→ **Problem statement**: Return the data exactly, without pictures.

→ **Recorded data**:
= = = = = = =
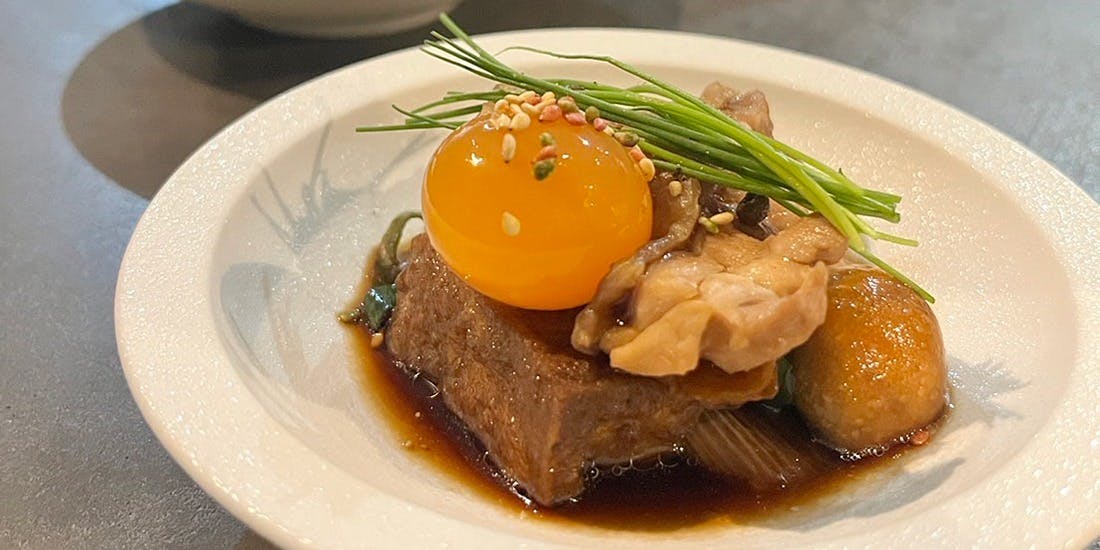 鶏や 矢田 - 画像5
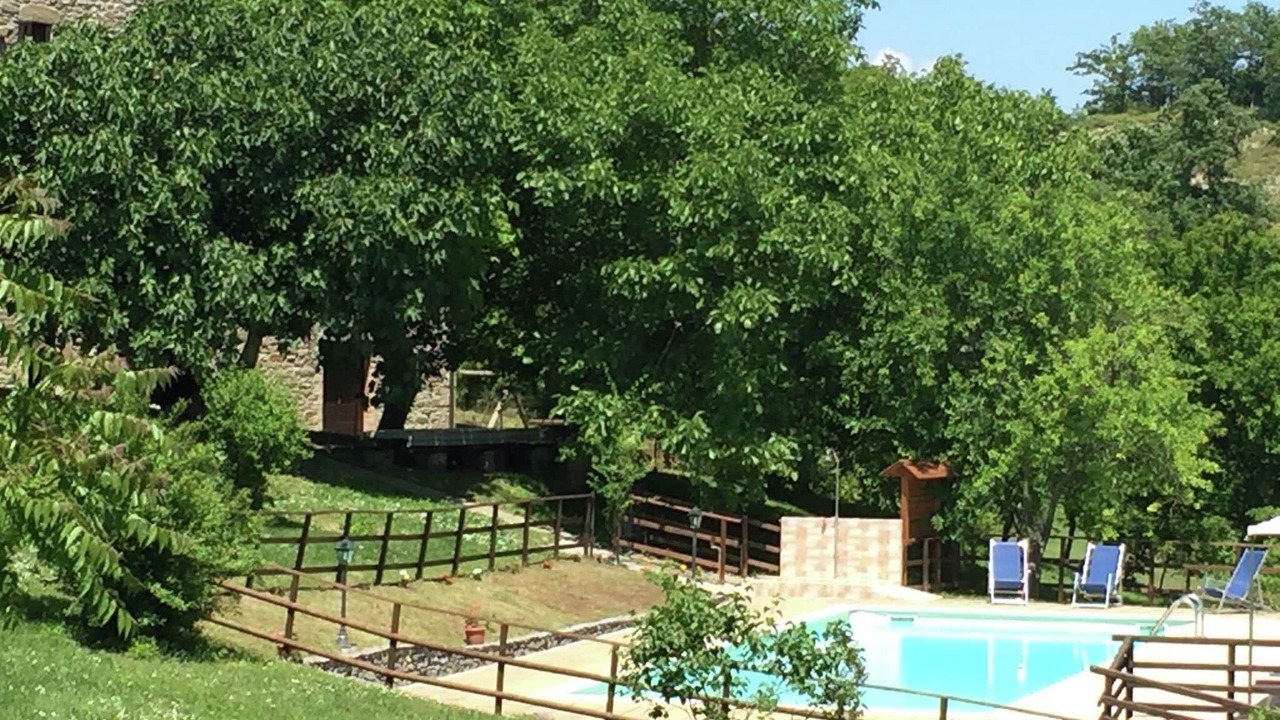 Photo of Outdoor in Apecchio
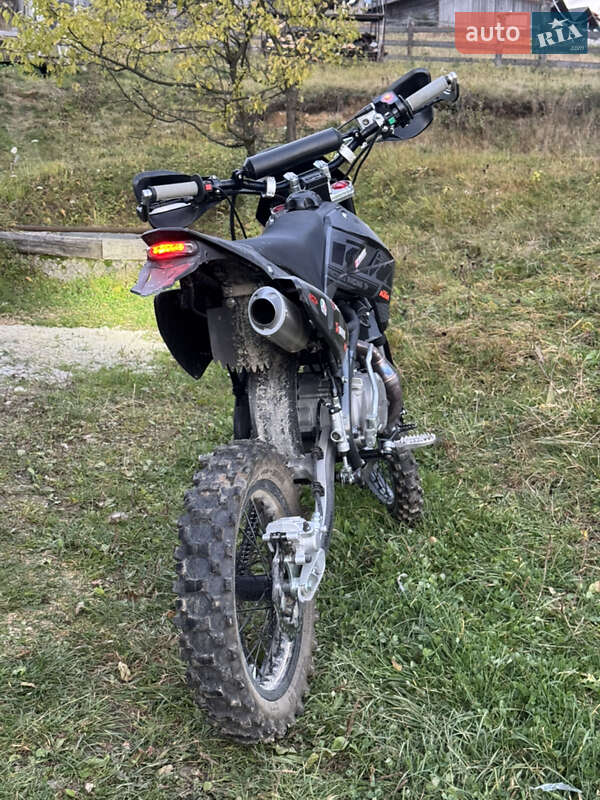 Мотоцикл Кросс Kovi Pit 150 2024 в Яремче фото 4 Мотоцикл Кросс Kovi Pit 150 2024 в Яремче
= = = = = = =
→ **Response to this task**:
 鶏や 矢田 - 画像5
 Photo of Outdoor in Apecchio
 Мотоцикл Кросс Kovi Pit 150 2024 в Яремче фото 4 Мотоцикл Кросс Kovi Pit 150 2024 в Яремче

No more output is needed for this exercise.